Le paure di negozianti e distributori, tra chiusure anticipate e disobbedienza civile
Ora che si fa? Meglio chiudere, resistere e ricorrere in tribunale o portare esperienza e fiori da qualche altra parte? «Se il decreto fosse approvato la nostra attività verrà chiusa. Allo stato attuale delle cose, garantiamo le spedizioni fino lunedì. Siamo nelle mani delle decisioni del Presidente della Repubblica» ha scritto nel week-end a tutti i suoi clienti GreenLadyBug, storica realtà udinese per la vendita e la ricerca di fiori di canapa. «Il 90 per cento di quanto produciamo in Italia, lo esportiamo all’estero. Abbiamo il clima ideale per coltivare. Non capiamo il senso di questa scelta del Governo. È fuorviante, è come dichiarare guerra all’alcolismo mettendo fuori legge la birra analcolica» commenta Alessandro Margiotta di Salento Canapa, attiva dal 2017 nel Leccese. «Questa mattina lascio a casa dodici persone, non è una situazione facile. Abbiamo provato a capire l’umore tra gli altri negozianti, è bassissimo – commenta Leonardo Fiorentino della Cannabidiol Distribution, sede a Torino e distribuzione in più di 12mila tabaccherie in tutta Italia -. Ci si divide chi vuole continuare con la disobbedienza civile, chi chiuderà perché non può sostenere battaglie in tribunale. I posti di lavoro persi non saranno solo quelli dei distributori, ma anche delle aziende agricole».
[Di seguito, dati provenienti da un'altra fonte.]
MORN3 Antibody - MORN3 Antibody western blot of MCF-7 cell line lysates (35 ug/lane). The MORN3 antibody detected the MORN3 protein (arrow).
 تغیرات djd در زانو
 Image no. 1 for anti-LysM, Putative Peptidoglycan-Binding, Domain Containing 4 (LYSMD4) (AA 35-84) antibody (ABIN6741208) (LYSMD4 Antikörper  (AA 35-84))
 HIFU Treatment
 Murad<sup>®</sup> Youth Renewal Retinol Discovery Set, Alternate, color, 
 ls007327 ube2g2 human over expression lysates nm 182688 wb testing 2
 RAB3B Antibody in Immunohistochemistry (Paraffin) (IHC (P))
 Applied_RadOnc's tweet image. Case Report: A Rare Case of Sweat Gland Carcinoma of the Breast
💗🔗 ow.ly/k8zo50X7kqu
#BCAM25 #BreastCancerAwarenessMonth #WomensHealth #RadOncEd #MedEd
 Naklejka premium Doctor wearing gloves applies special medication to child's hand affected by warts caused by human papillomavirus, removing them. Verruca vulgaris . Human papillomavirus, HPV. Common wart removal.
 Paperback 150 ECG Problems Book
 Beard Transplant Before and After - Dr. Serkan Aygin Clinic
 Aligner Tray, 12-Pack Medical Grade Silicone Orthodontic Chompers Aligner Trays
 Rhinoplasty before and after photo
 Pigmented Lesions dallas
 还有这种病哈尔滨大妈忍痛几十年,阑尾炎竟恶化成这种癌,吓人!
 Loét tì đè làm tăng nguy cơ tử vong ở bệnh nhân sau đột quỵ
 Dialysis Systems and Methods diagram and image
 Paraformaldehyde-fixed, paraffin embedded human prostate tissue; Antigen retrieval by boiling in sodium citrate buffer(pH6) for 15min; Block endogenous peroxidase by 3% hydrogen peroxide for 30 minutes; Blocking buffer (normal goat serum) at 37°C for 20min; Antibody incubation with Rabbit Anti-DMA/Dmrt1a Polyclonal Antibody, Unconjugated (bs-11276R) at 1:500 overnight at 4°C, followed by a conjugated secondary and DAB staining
«Con il mio processo dal 2020 vivo già in un sistema in cui la cannabis light è legale. Il mio processo terminerà a maggio e l’accusa che mi viene fatta è proprio questa: il canapone non è canapone, ma droga – commenta Luca Marola, pioniere del settore che nel 2017 lanciò la sua EasyJoint -. Sicuramente un provvedimento del genere apre ai ricorsi e alla possibilità di coinvolgere la Corte europea, ci saranno tante battaglie legali per abrogare questa norma. Il decreto del governo è l’esempio di come una democrazia scivola verso uno stato autoritario. La maggioranza pensa di definire con un tratto di penna una cosa diversa da quella che è in natura. Questo è un abominio scientifico e non può essere l’ultima puntata di questa ormai lunga battaglia».